Yahoo Singapore reports that on the afternoon of February 28, Mr Yan held up a placard that on one side protested the actions of Law and Home Affairs Minister K Shanmugam and Commissioner of Prisons Desmond Chin, and on the other side, protested against those of Chao Hick Tin, retired Court of Appeal Judge. What was written on the signs is not indicated on Mr Yan’s charge sheets.
Mr Yan, age 43, was charged with one count of taking part in a public assembly outside Raffles Place MRT Station without a permit and another count of disobeying a police officer’s instructions to leave the venue. Both charges, leveled against him on March 2, Saturday, fall under the Public Order Act.
On the previous day, March 1, he was also charged with one count of refusing to answer questions posed by an investigation officer in Police Cantonment Complex.
Mr Yan had also held up another sign calling for the resignation of Singapore’s Prime Minister Lee Hsien Loong regarding “Singapore’s Watergate Scandal and Nepotism.” On the flip side of this particular sign, Mr Yan had reportedly written the following in Mandarin: Protest against the Hong Kong government for betraying the sovereignty of China in the armoured vehicles conspiracy!”
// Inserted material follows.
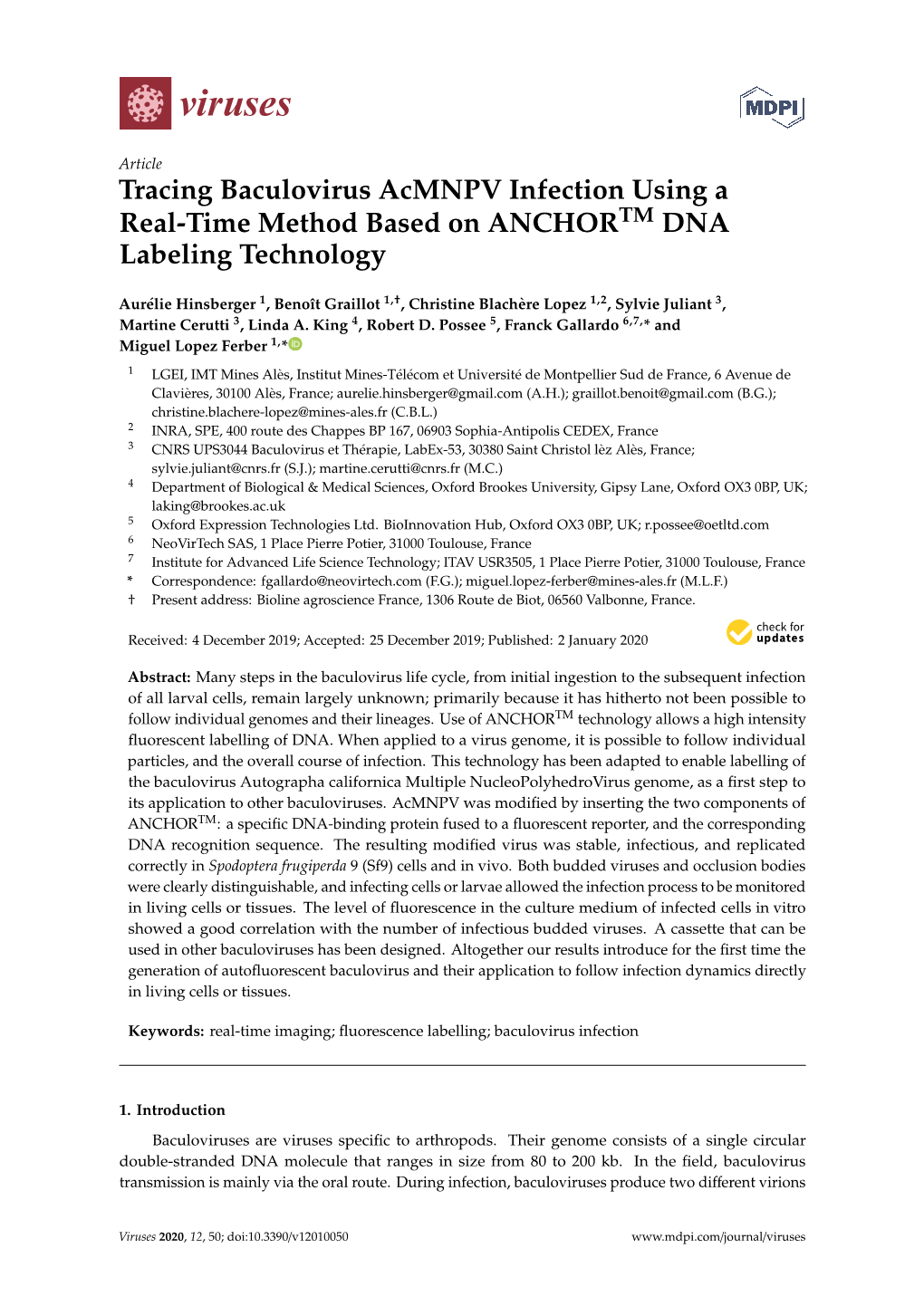 Tracing Baculovirus Acmnpv Infection Using a Real-Time Method Based on ANCHORTM DNA Labeling Technology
This feels like a repeat performance from Mr Yan, who, on February 22, 2018, also stood outside Raffles Place MRT Station. Back then he underwent a trial and was convicted of behaving in a disorderly manner by shouting at a police inspector and for refusing to leave the area despite being told to do so.
Mr Yan was fined S$5,000 and sentenced to six months and two weeks of jail time by District Judge Luke Tan.
In 2018 his protests were held outside the British High Commission as well as the embassy of the United States. He also staged protests during lunch hour outside Raffles Place MRT station.
Mr Yan had no permits for all of his protests, wherein he claimed that the judiciary is corrupt, accusing Judge Chao as well as the Prime Minister of allegedly conspiring in 2016 to seize Singapore Armed Forces (SAF) Terrex infantry carrier vehicles in Hong Kong.
He has been by himself in all his protest actions.
Mr Yan’s next court date is on March 15, but in the meantime, he has been officially ordered to undergo psychiatric observation at the Institute of Mental Health.
He could face as much as a S$5,000 fine if he is convicted of taking part in an illegal public assembly because he is a repeat offender.
Should he be found guilty of contravening a direction given to him by a police officer, he could face one year of imprisonment, and/or pay a fine of as much as S$12,000.
As for the charge of refusing to answer the investigation officer, Mr Yan may face jail time of as much as 6 months and/ or a fine of S$3,000 if he is convicted.